Brief -
Transcribe word for word the section of the records below that opens with the line containing "Cargo Chic Pants - Black" and closes with the line containing "Louis, MO 63135"; drop every picture.
★ ★ ★ ★ ★ ★ ★
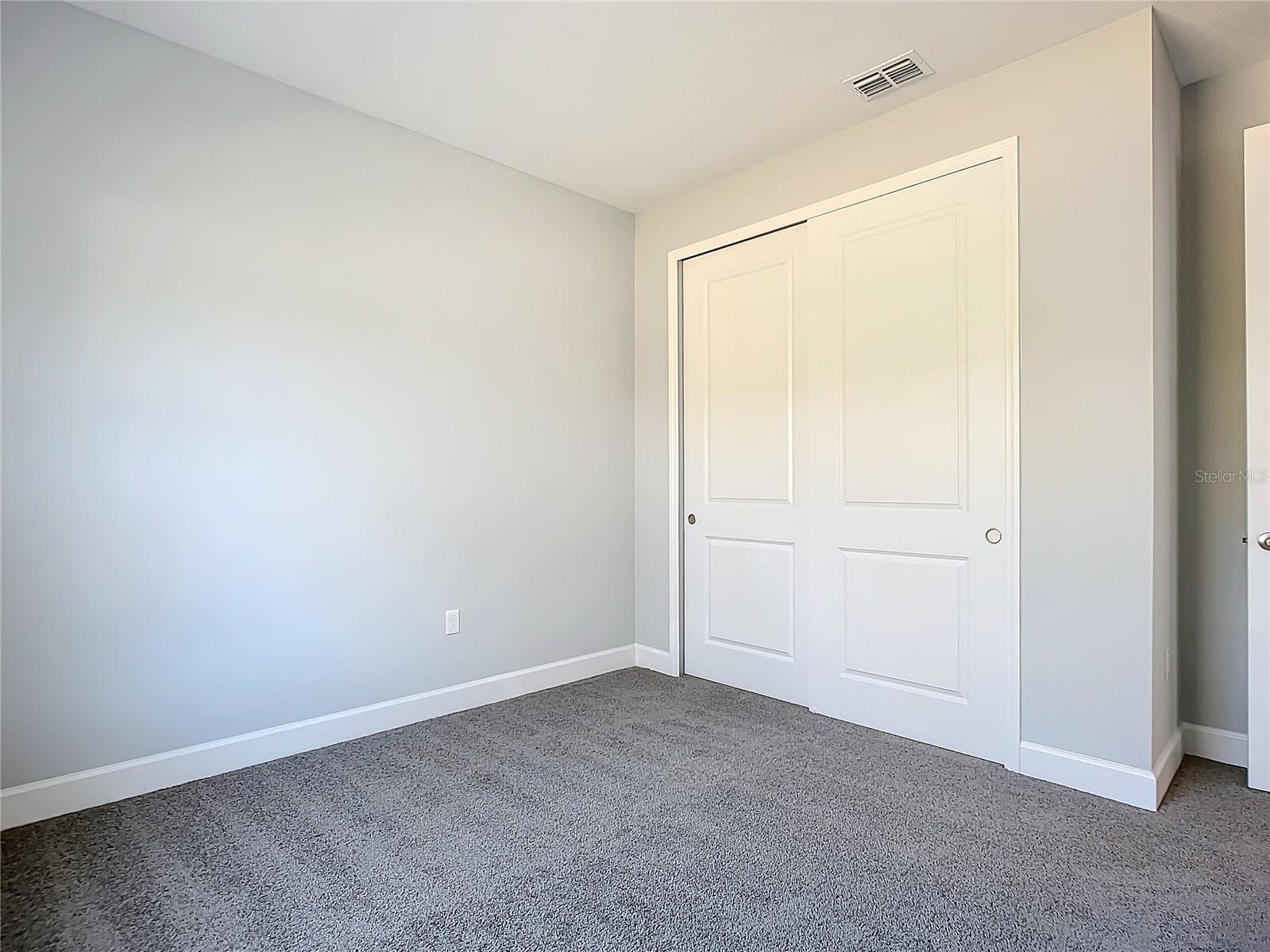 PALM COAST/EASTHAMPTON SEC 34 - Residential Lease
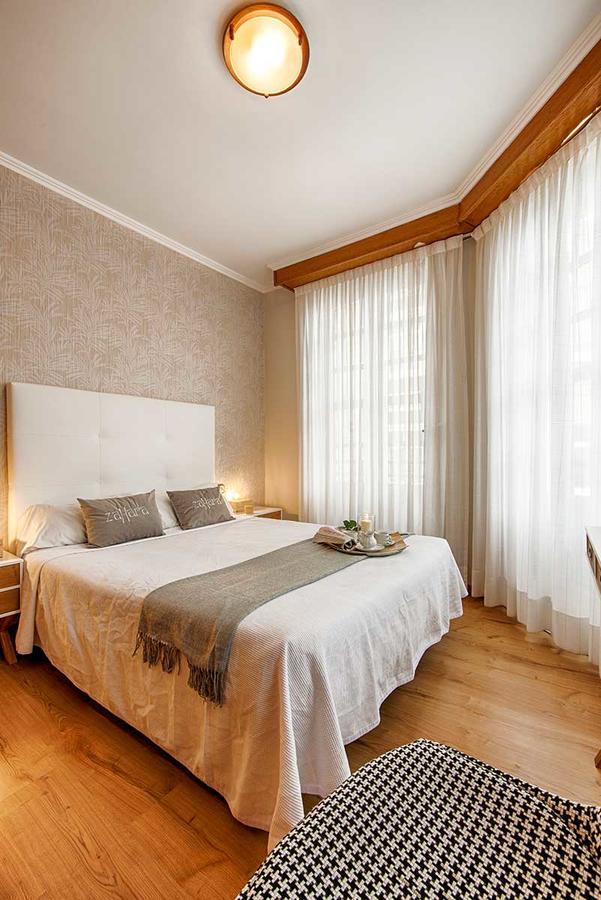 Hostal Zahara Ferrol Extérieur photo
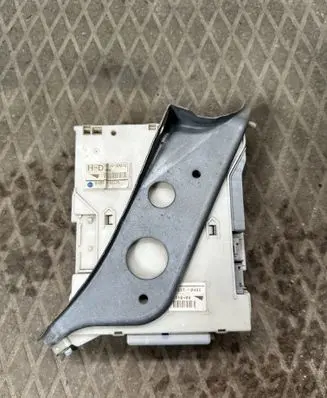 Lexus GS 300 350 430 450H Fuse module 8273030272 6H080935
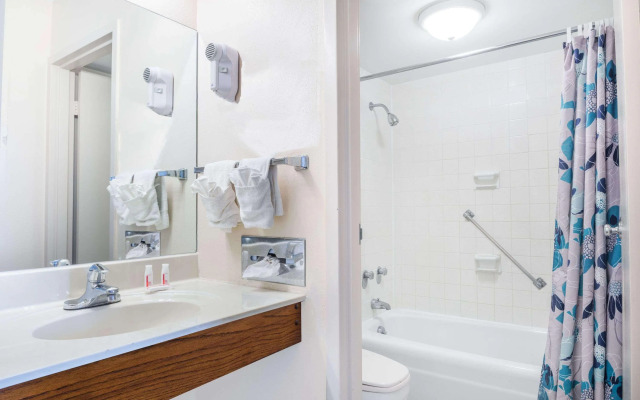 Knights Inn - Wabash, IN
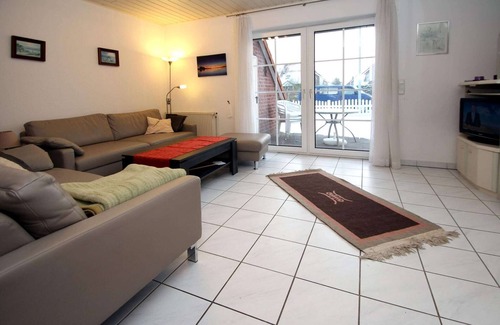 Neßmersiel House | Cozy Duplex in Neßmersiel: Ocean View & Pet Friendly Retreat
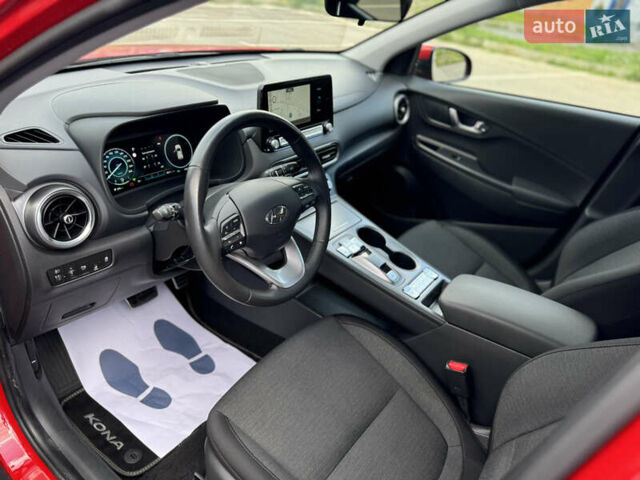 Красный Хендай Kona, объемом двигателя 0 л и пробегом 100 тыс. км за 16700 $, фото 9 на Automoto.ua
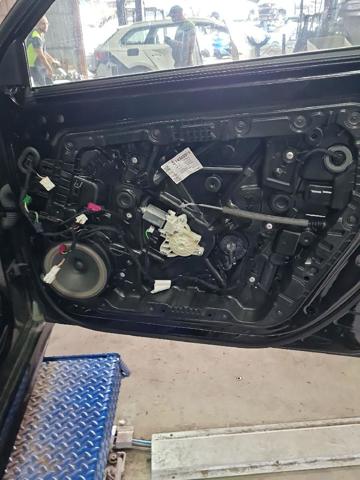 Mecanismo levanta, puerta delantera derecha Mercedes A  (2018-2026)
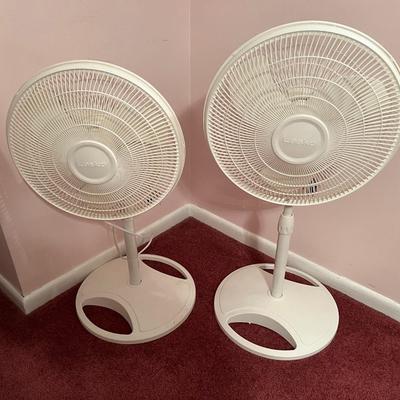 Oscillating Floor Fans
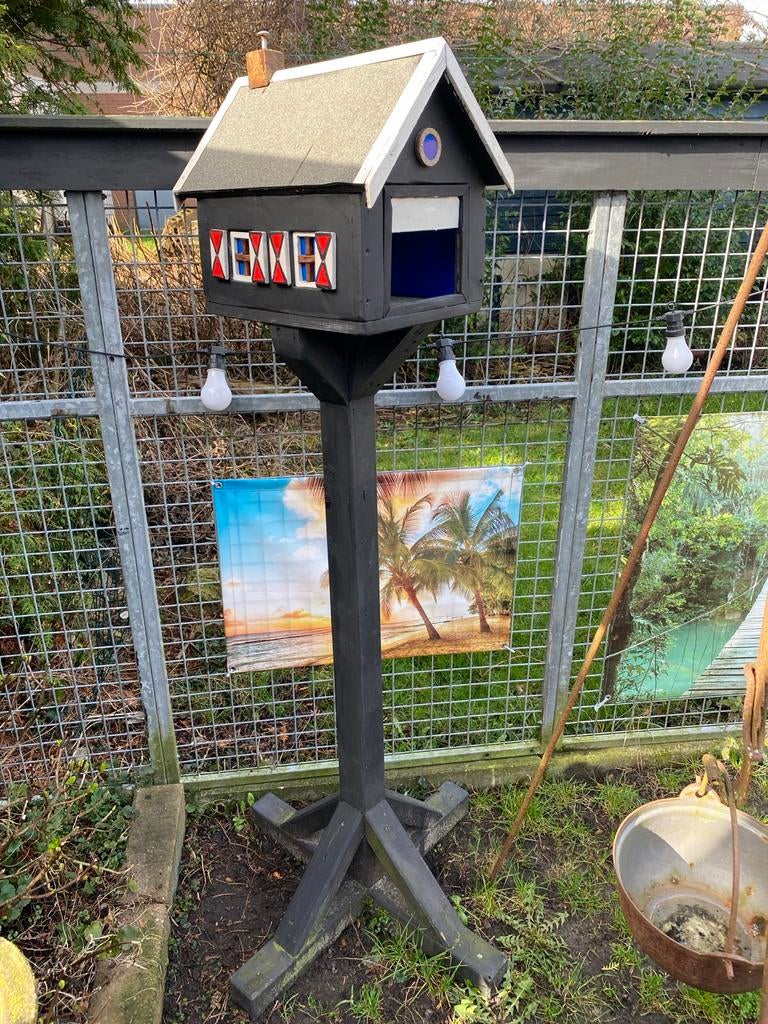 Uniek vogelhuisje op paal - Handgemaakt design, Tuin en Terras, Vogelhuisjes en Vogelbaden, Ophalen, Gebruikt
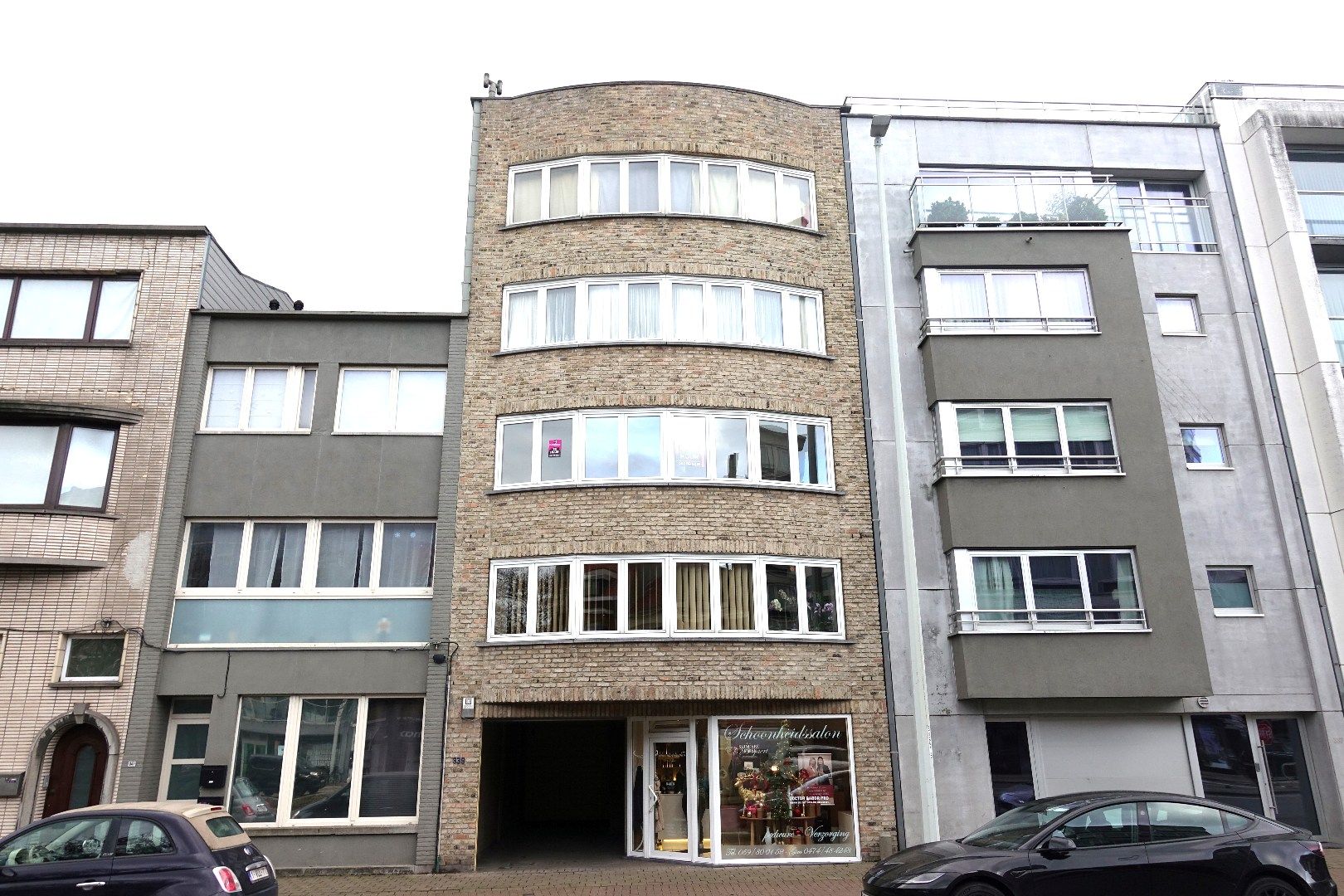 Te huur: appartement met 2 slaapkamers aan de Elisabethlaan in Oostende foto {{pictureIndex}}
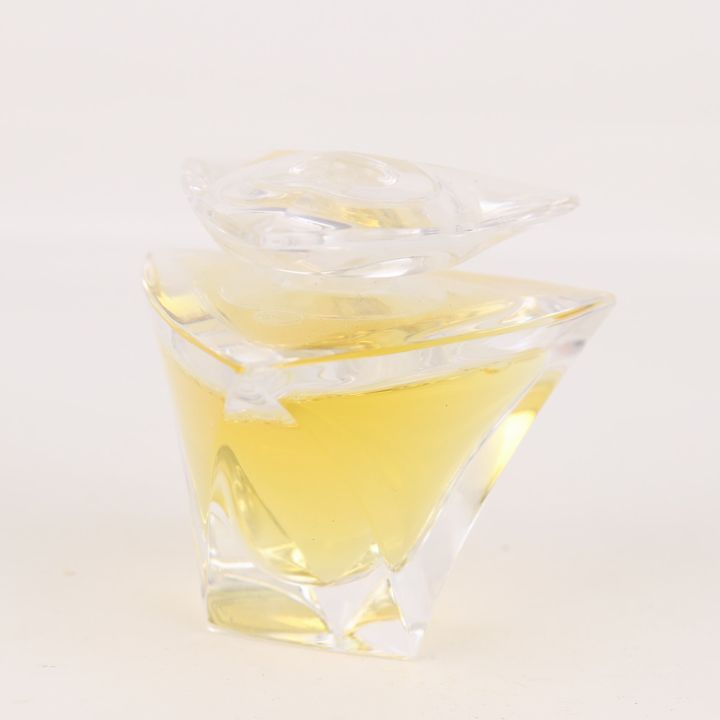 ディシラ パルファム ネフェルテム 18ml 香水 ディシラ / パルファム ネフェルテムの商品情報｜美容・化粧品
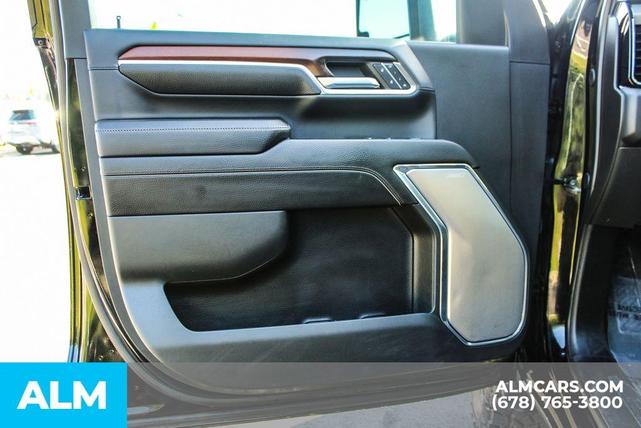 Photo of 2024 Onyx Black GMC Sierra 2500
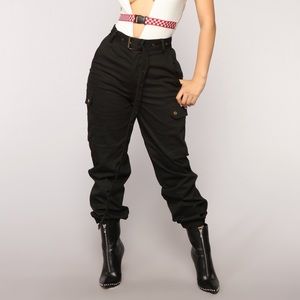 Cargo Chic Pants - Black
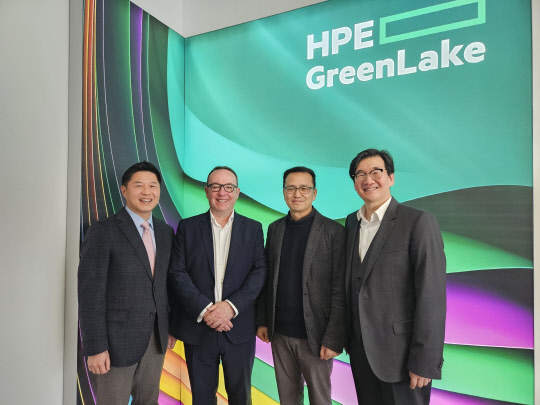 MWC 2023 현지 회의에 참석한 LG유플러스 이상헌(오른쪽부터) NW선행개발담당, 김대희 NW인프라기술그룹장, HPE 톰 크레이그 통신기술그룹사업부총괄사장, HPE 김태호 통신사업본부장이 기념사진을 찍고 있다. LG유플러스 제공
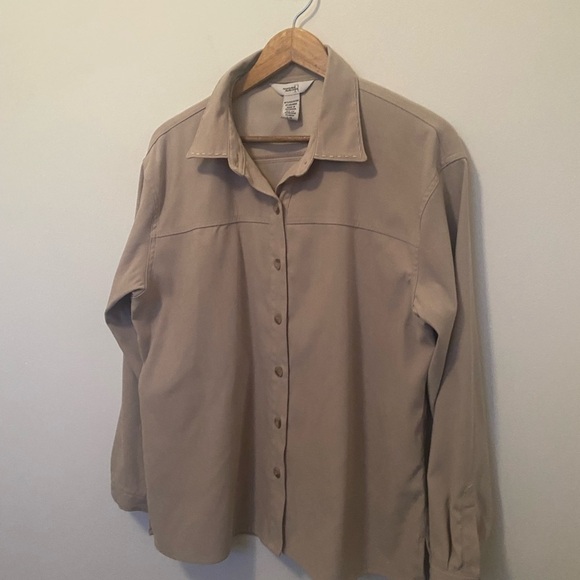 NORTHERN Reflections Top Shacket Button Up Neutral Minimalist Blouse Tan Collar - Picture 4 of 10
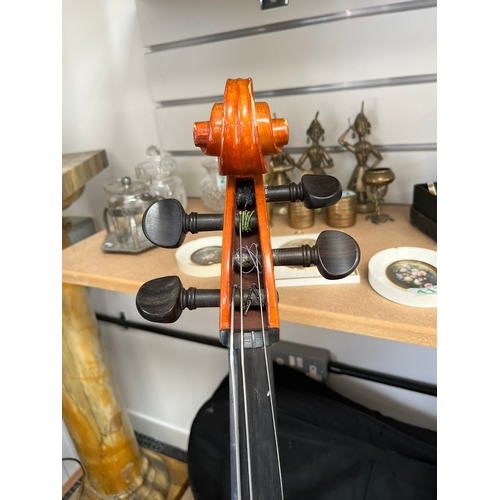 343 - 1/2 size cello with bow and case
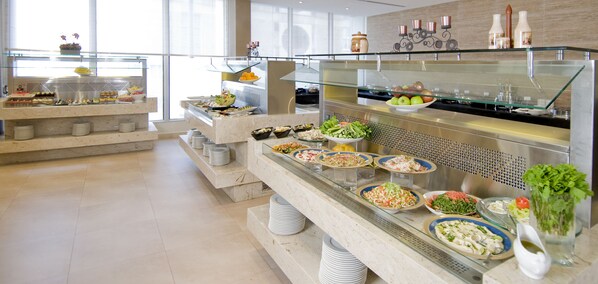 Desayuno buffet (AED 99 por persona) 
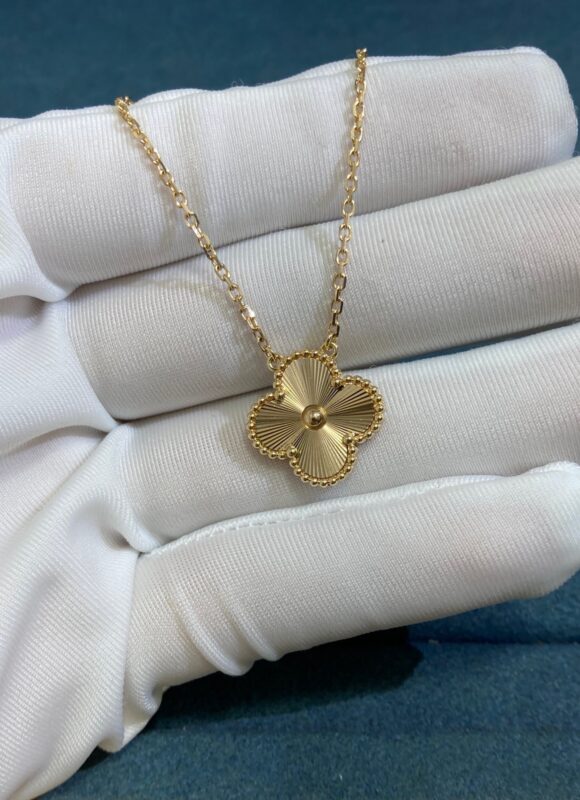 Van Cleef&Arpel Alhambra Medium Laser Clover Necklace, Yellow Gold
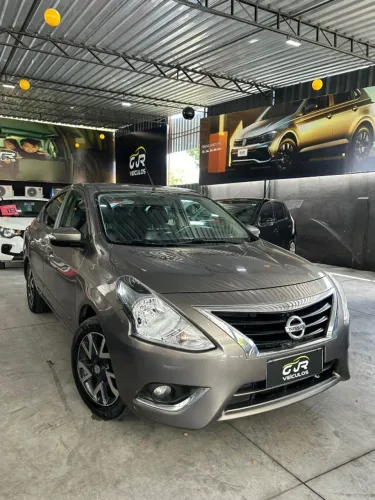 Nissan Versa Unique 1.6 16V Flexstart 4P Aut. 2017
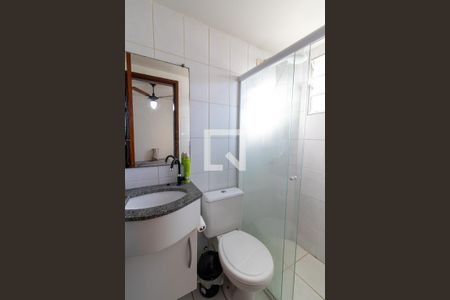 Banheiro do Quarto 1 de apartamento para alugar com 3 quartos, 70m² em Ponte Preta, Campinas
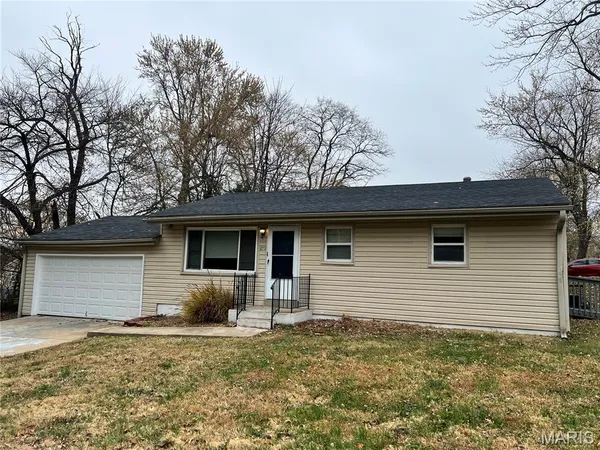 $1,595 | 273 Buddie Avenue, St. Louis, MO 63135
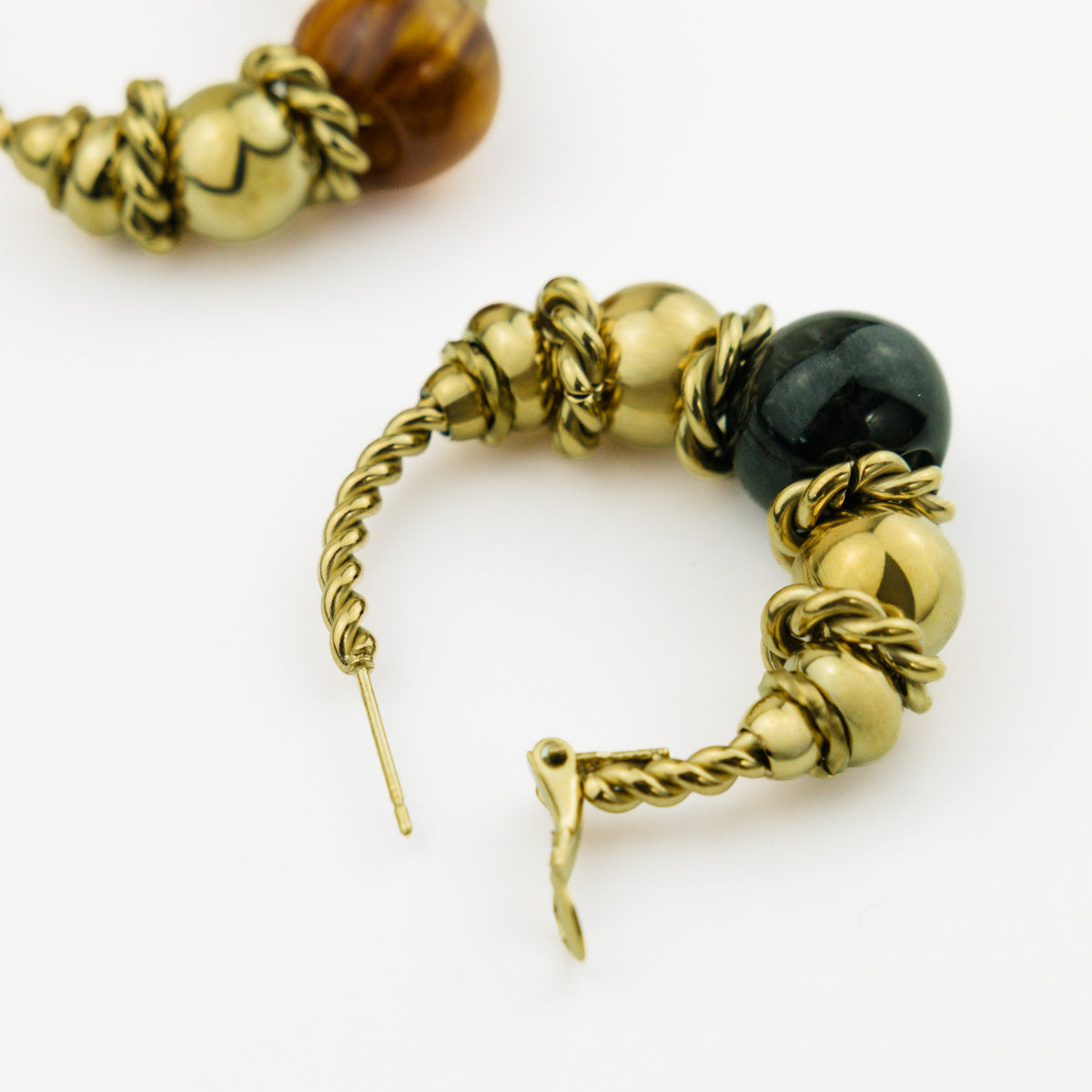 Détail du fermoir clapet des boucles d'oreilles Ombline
★ ★ ★ ★ ★ ★ ★
Solved exercise -
 Cargo Chic Pants - Black
 MWC 2023 현지 회의에 참석한 LG유플러스 이상헌(오른쪽부터) NW선행개발담당, 김대희 NW인프라기술그룹장, HPE 톰 크레이그 통신기술그룹사업부총괄사장, HPE 김태호 통신사업본부장이 기념사진을 찍고 있다. LG유플러스 제공
 NORTHERN Reflections Top Shacket Button Up Neutral Minimalist Blouse Tan Collar - Picture 4 of 10
 343 - 1/2 size cello with bow and case
 Desayuno buffet (AED 99 por persona) 
 Van Cleef&Arpel Alhambra Medium Laser Clover Necklace, Yellow Gold
 Nissan Versa Unique 1.6 16V Flexstart 4P Aut. 2017
 Banheiro do Quarto 1 de apartamento para alugar com 3 quartos, 70m² em Ponte Preta, Campinas
 $1,595 | 273 Buddie Avenue, St. Louis, MO 63135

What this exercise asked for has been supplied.